Start of Given records

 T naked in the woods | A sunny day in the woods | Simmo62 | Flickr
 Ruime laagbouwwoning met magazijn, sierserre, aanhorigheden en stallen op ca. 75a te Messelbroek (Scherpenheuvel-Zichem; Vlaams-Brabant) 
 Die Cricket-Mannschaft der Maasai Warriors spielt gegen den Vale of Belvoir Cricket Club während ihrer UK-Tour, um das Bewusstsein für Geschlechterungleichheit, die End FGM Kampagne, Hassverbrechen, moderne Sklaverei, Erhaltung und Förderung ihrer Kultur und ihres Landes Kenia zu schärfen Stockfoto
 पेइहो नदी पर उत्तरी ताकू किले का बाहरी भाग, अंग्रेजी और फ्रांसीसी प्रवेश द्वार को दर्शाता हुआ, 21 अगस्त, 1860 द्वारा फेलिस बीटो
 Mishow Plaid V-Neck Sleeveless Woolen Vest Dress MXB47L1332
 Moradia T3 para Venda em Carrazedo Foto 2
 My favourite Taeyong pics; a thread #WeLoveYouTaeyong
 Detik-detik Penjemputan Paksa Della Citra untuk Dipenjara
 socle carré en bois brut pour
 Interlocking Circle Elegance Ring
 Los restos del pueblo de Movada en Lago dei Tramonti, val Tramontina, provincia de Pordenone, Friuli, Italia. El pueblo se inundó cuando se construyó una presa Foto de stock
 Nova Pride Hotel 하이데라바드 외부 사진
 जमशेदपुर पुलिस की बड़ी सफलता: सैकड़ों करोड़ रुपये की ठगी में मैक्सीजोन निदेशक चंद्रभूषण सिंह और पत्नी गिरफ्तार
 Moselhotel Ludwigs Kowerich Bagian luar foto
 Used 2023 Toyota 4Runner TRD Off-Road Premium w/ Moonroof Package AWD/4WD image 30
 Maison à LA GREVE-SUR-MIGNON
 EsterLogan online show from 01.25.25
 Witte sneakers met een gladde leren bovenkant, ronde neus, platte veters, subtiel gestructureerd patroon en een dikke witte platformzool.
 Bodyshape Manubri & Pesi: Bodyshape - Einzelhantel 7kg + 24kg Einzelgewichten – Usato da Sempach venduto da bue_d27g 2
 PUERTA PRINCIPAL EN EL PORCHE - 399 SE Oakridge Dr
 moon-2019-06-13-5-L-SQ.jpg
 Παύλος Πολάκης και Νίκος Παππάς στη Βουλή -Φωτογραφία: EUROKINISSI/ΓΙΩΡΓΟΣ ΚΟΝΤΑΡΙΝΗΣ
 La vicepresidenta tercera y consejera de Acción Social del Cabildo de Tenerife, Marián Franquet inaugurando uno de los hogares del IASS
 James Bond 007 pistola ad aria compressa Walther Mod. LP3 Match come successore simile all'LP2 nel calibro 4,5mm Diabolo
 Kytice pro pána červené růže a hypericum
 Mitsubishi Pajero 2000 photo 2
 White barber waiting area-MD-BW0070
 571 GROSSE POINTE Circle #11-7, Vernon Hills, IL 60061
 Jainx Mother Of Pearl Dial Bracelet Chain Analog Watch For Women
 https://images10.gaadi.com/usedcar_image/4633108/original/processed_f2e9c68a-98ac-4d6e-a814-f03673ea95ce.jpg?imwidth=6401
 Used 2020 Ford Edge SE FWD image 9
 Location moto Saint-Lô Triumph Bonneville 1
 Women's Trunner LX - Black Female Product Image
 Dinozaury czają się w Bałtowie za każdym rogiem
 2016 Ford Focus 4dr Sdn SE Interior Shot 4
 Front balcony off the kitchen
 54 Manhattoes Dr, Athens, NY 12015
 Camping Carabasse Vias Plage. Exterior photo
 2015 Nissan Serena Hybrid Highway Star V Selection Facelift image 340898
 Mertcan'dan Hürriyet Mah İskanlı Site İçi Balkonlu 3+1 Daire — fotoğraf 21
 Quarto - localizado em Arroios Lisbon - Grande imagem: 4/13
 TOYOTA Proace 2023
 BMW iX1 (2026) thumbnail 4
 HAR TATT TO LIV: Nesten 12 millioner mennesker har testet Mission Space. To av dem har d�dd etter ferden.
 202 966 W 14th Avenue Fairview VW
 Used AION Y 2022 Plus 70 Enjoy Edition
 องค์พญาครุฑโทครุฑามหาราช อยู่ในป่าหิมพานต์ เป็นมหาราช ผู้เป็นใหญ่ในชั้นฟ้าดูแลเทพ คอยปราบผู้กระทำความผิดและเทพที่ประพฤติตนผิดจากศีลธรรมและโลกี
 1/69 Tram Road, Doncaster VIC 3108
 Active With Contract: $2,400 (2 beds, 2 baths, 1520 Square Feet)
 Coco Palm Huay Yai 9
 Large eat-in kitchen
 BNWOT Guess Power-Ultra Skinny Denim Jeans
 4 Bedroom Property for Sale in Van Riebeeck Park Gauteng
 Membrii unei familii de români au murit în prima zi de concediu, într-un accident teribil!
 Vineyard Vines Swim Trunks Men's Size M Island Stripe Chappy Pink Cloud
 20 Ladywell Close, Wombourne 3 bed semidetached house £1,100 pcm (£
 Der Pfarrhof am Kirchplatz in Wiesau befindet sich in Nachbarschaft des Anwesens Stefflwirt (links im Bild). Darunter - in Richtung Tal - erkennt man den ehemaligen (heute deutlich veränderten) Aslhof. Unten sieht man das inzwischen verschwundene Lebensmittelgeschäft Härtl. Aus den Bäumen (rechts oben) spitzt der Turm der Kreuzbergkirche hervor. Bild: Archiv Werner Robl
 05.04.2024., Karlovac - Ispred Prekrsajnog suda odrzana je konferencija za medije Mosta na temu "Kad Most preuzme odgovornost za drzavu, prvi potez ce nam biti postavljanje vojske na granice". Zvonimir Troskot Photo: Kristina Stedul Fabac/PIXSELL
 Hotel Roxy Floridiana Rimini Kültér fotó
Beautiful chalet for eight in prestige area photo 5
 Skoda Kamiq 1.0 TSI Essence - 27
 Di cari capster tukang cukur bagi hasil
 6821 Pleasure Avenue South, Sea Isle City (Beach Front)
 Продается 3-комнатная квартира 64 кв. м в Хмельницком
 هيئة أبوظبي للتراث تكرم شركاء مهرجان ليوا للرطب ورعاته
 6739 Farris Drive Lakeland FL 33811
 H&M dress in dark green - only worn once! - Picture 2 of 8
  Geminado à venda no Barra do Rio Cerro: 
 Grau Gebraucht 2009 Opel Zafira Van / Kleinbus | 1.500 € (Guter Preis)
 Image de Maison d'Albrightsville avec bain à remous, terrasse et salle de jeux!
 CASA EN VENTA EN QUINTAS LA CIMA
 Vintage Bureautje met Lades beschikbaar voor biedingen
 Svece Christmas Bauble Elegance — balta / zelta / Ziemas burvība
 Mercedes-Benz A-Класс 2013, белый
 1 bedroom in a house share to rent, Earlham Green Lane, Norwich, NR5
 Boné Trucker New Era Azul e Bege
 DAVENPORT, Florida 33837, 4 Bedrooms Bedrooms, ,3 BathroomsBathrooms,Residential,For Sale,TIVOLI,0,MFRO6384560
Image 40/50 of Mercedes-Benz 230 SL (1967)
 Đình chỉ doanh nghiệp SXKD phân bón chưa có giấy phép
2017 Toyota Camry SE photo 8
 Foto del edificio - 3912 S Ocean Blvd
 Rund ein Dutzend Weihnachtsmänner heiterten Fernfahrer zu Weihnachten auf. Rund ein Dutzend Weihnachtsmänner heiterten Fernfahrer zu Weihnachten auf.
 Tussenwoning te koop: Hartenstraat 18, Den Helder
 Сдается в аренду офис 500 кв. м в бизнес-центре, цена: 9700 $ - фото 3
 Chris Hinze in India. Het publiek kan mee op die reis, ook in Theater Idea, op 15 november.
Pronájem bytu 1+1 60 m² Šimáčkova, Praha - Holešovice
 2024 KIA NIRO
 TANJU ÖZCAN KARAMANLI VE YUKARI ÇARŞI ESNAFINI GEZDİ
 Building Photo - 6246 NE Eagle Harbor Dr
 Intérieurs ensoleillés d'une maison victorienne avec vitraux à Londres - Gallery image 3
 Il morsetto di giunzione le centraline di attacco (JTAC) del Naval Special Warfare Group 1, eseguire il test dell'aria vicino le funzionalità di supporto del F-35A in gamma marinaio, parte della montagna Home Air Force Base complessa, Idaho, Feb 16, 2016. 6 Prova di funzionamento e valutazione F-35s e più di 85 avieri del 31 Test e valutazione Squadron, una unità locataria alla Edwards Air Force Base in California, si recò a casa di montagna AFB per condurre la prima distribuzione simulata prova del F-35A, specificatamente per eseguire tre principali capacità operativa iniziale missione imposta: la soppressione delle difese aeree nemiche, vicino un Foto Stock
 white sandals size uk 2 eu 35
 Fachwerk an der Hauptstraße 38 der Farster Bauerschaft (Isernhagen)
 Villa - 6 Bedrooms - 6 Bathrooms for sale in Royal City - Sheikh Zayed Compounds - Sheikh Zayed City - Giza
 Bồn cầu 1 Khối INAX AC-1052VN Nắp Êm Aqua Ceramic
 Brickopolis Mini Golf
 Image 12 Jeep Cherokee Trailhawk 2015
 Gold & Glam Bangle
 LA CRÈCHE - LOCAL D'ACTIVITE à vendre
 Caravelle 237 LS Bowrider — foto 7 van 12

End of Given records

** Activity **
Print, from the entries above, the line with "Image de Maison", the line with "Boné Trucker New Era Azul e Bege" and all lines between them, exactly and with nothing else.

** Response area **
 Image de Maison d'Albrightsville avec bain à remous, terrasse et salle de jeux!
 CASA EN VENTA EN QUINTAS LA CIMA
 Vintage Bureautje met Lades beschikbaar voor biedingen
 Svece Christmas Bauble Elegance — balta / zelta / Ziemas burvība
 Mercedes-Benz A-Класс 2013, белый
 1 bedroom in a house share to rent, Earlham Green Lane, Norwich, NR5
 Boné Trucker New Era Azul e Bege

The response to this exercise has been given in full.